By Al Doyle for CoinWeek....
Anyone with even a marginal interest in precious metals is aware of the brutal beatdown in gold and silver spot prices over the past four days. From its April 12 London close of $1535.50, gold fell off the cliff to $1395, with an even lower close of $1352.60 in New York.
Silver was a case of "second verse, same as the first." The April 15 London close of $23.54 on April 15 represents a $3.86 decline from the April 12 figure of $27.40. It was worse in New York, with silver finishing the day below $23.
As anyone who tried to check web sites for bullion sellers will attest, the public caught on to falling spot prices in a big way. Six attempts to view the Silvertowne web site were completely unsuccessful. So what caused this one-day plunge? Were precious metals investors dumping their holdings by the boxful? Not a chance.
Yesterday's fall in prices was at the spot level. What does that mean? Spot is merely a paper price based on futures contracts. Not one ounce of the real thing changes hands when traders play this game. Like other markets that are based on ever-shifting intangibles, it's much closer to gambling than something of substance.
In this case, it was no secret that many big paper players (think J.P. Morgan and other firms in that league) were holding piles of expiring short contracts and stood to lose large sums if the metals remained at recent levels. Create a panic by changing the margin requirements or other manipulations, and guess what happens? Problem solved.
The public was both wise and foolish in charging to bullion dealers. They rightfully reacted to what was perceived as a buying opportunity, but not clued into reality when they expected to buy gold and silver at the same premiums over melt as a week ago.

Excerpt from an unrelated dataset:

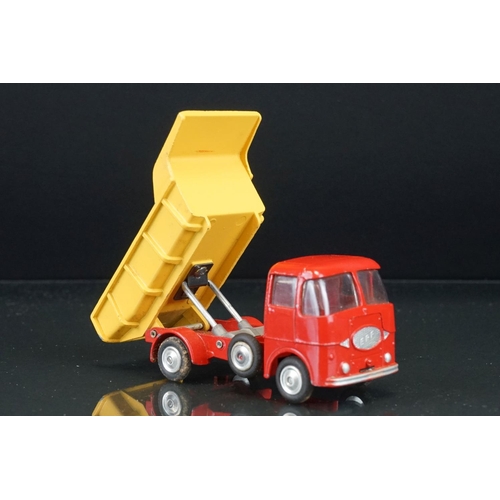 1032 - Two boxed Corgi diecast models to include 465 Commer Pick Up Truck in yellow & red (some paint chips...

What takes place at the retail level is an entirely different game than the make-believe world of paper contracts. The traders who swap "naked shorts" are betting on and trading gold and silver they don't possess. Far more precious metals are gambled on in futures trading (which is basically a bet on spot prices somewhere down the road) than the actual supply. If you want the real thing in your hands, spot prices may not count for anything if dealers can't obtain product at anywhere near the alleged prices quoted on business news programs.
It takes willing sellers to have bullion on hand. Gold and silver investors at every point of the economic spectrum view their holdings as the ultimate store of wealth and value. It's a last-ditch possession and financial insurance. If they won't sell when prices are strong, what is the likelihood of buying precious metals over the counter when spot is on a nosedive?
"There's no physical product," declared Steve Harrison of Kedzie Koins in Chicago. "Three of the major distributors are out of 2013 silver Eagles, and one major mint is four to five weeks out on delivery. We had 30 to 40 calls - all wanting to buy - in just two hours."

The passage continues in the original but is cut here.